Mario A. Ciampi - SVP Store Development
Thank you, Ezra. While the fourth quarter and year were difficult, we made significant strides in operations and logistics in a short amount of time. We continue to see efficiencies in our three distribution centers on the East Coast, West Coast, and Canada, allowing us to operate at improved speed and higher productivity levels.
Last year, we reported delays in our merchandise deliveries. As our new merchandise strategy takes hold, we are pleased to report that over 90% of our spring 1 and 2 lines were delivered on time. We expect this to improve further during 2003 and beyond and have greatly enhanced our internal controls and procedures to ensure timely delivery.
Turning to year-end statistics, in fiscal 2002 we opened 126 stores, 98 in the U.S. and 28 in Canada. Additionally, we remodeled 11 stores, including eight expansions, and closed three. As Seth mentioned, we ended the year the 643 stores, 615 in the U.S. and 28 in Canada.

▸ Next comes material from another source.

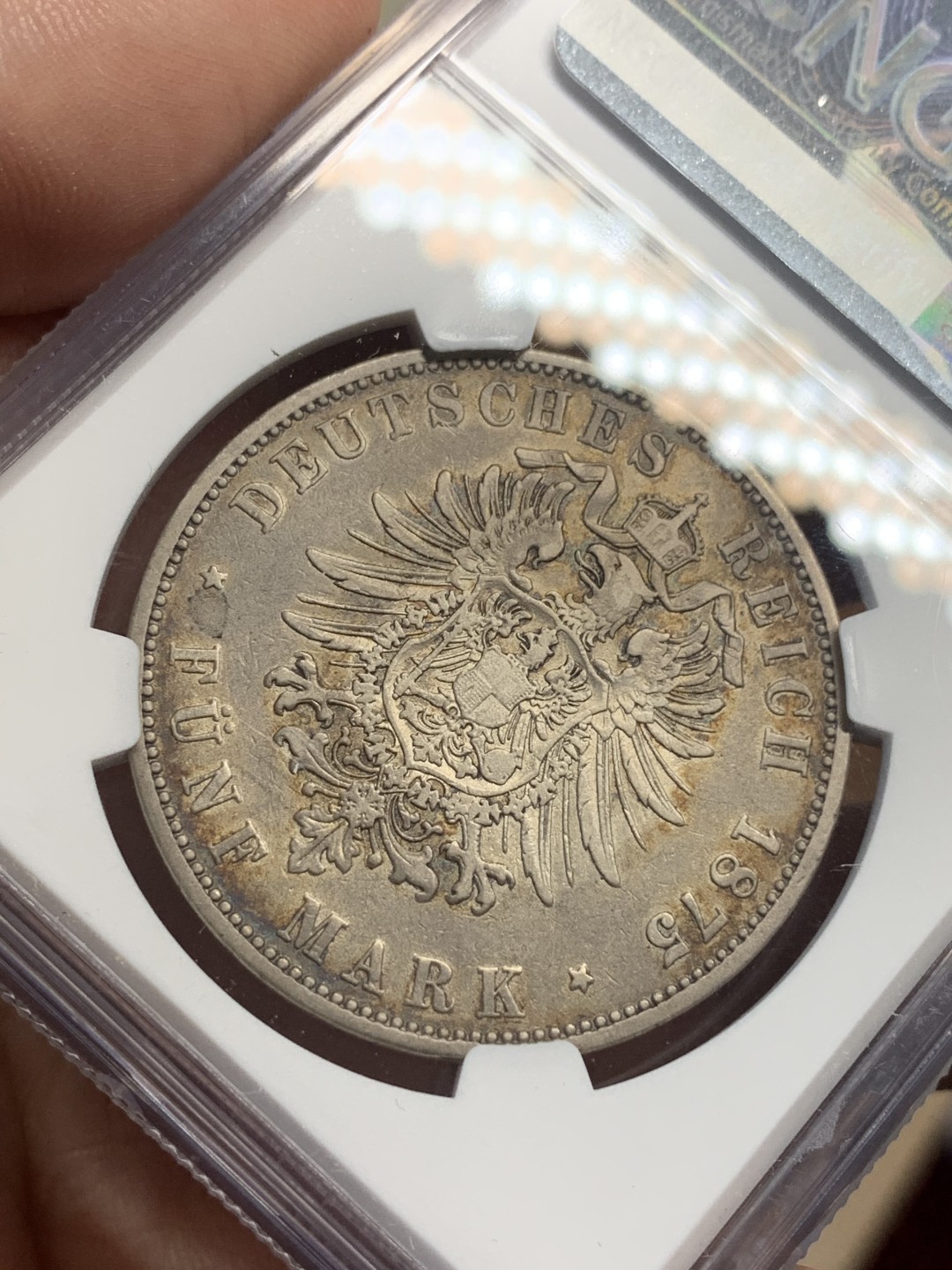 《竞宝斋》第112场-周日，周一 ，2场连拍（全场包邮） NGC VF35 1875年符腾堡5马克银币 味道佳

Full-year sales results for our class of 2001 stores averaged approximately 950,000, and the run rate for the class of 2002 partial year results averaged approximately 1 million. Given the difficult year we had, these results were clearly below our expectation. However, the spread between our new stores and our mature stores remains relatively consistent at 15% to 20%. Importantly, the vast majority of our new stores and mature stores remain cash flow positive and as a result we intend on only closing approximately five stores in fiscal 2003.

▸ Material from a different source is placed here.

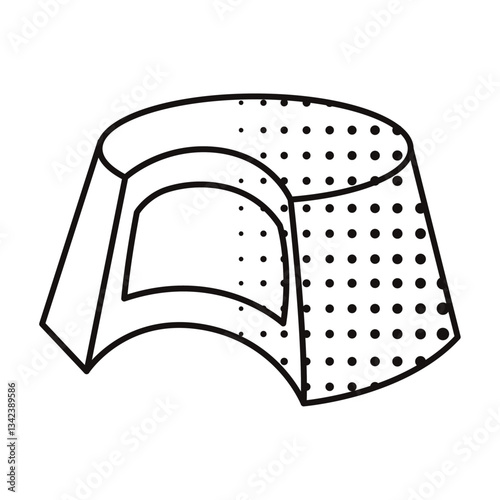 Bonbon with cutaway showing filling in outline. Vector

Results by geography and property type are consistent for the fourth quarter and full year, with the southwest region performing the best. As we have discussed, we'll be taking a conservative approach to our expansion plans in order to fully focus on improving comparable store sales.

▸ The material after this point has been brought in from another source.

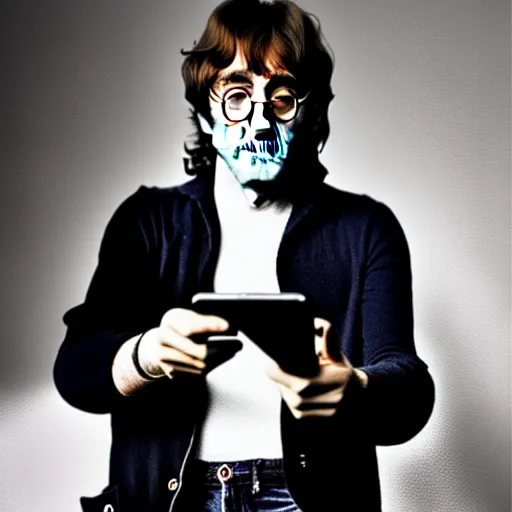 Image similar to a photo of john lennon holding a smartphone in his hand, high detailed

In the second half of 2002 we entered the Canadian market and ended the -- ended the fiscal year with 28 stores. Sales results have exceeded our expectations, with unit sales continuing to exceed the average U.S. store by approximately 30%. In fiscal 2003, we will expand our store base in Canada by approximately 40%, and are projecting our first year of profitability.
Our e-commerce business experienced a substantial increase in sales of approximately 80%, benefiting from a more stable technology platform, cosmetic changes designed to enhance the overall shopping experience, and recent positive industry trends. We anticipate another strong year for e-commerce in 2003 as we grow our marketing expenditures for the sales channel.
We also introduced our new Technocolor (ph) prototype in 2002. We opened seven stores in the U.S. and all 28 of our Canadian stores in this new format. All of our 2003 openings will be designed as new prototypes, and we will also remodel eight existing stores. We're pleased to report that we have further reduced the capital costs for this new prototype and currently we expect costs in 2003 to be only about 10% higher than our traditional store format. We believe that it's still further room to lower these expenditures.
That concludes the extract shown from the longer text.